# Exercise
Taking the data below, please print only the lines from the line holding "Traspaso - Bar" to the line holding "Barcelona - Santa Coloma De Gramanet", inclusive, with pictures omitted.

# Supplied material
+===+

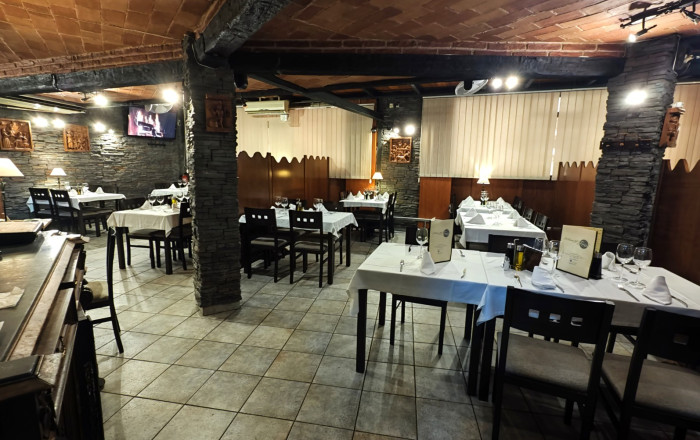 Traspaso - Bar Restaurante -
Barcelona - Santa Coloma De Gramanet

+===+

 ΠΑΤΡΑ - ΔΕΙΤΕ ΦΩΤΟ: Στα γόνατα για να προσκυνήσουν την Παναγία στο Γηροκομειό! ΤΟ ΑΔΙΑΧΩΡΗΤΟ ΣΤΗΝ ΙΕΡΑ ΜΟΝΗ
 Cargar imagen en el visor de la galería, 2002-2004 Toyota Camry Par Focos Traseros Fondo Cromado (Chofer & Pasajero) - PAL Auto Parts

+===+

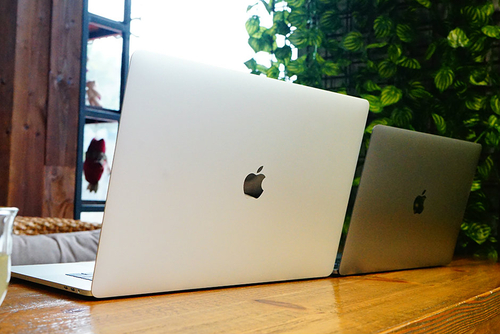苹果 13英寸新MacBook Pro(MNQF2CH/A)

+===+

# Solved exercise
 Traspaso - Bar Restaurante -
Barcelona - Santa Coloma De Gramanet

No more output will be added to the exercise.